It was an exceptionally ugly night for Democrats. The Republicans winning the Senate is discouraging, though not unexpected. (I had held out hope of a 50-50 tie.) But the Democrats also lost multiple governorships, including several that should have been easy holds or promising pickups. A few scattered thoughts:
• If you thought the last few years of obstruction were bad, things are about to get worse. It was already a given that President Obama wouldn’t be able to pass any major legislation for the rest of his term; now he won’t be able to appoint any judges or federal officials either. I really, really hope no Supreme Court justice decides to retire in the next two years.

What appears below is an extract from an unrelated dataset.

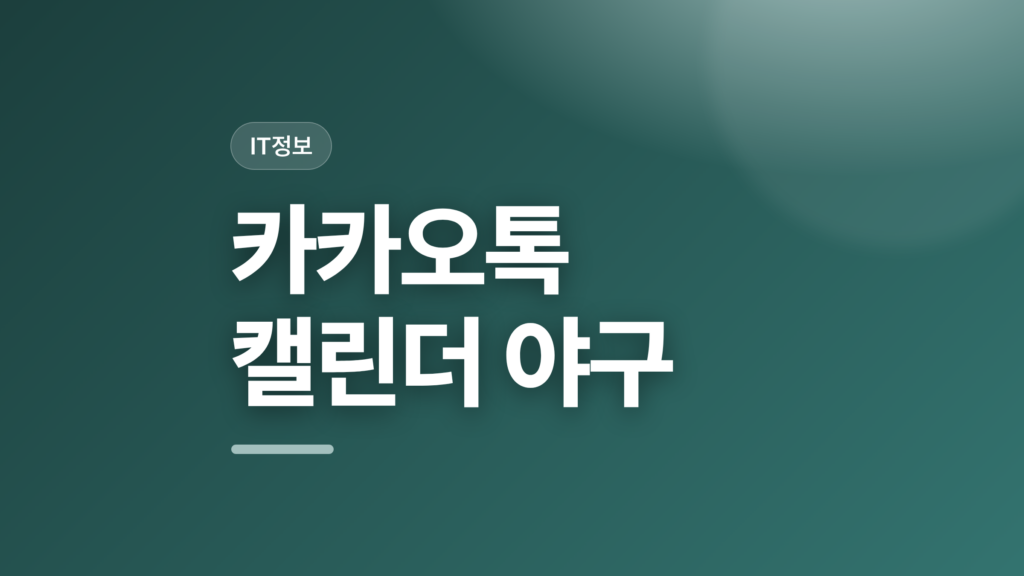 thumbcard 카카오톡 캘린더 야구 v2 1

• The U.S. electorate has an absurdly short memory. Last year the Republicans were roundly condemned for shutting down the government; this year we rewarded them for it.

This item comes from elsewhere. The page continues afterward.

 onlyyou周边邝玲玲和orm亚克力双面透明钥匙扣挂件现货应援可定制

• Are we now stuck in a pattern where we elect a president every four years, then get disgruntled with him and two years later elect the opposition party to obstruct him for the rest of his term?
• More realistically, this can probably be chalked up to a chronic problem of turnout. The young, diverse electorate who showed up to elect Obama in 2008 and resoundingly reelect him in 2012 keeps sitting the midterms out. Republican gerrymandering and laws designed to make voting difficult can’t have helped, but this collapse was too widespread to be blamed solely on that. How did we fail to get the Obama coalition to the polls?
• Liberal ideas continue to be far more popular than Democratic politicians, as minimum wage and marijuana-legalization ballot initiatives notched wins even in red states.
• I trust Martha Coakley’s political career is now over, since she’s now blown two important, eminently winnable races in the bluest state in the nation. On the other hand, Sam Brownback, who’s run Kansas into the ground with unpaid-for tax cuts that devastated public services, was reelected promising… more tax cuts.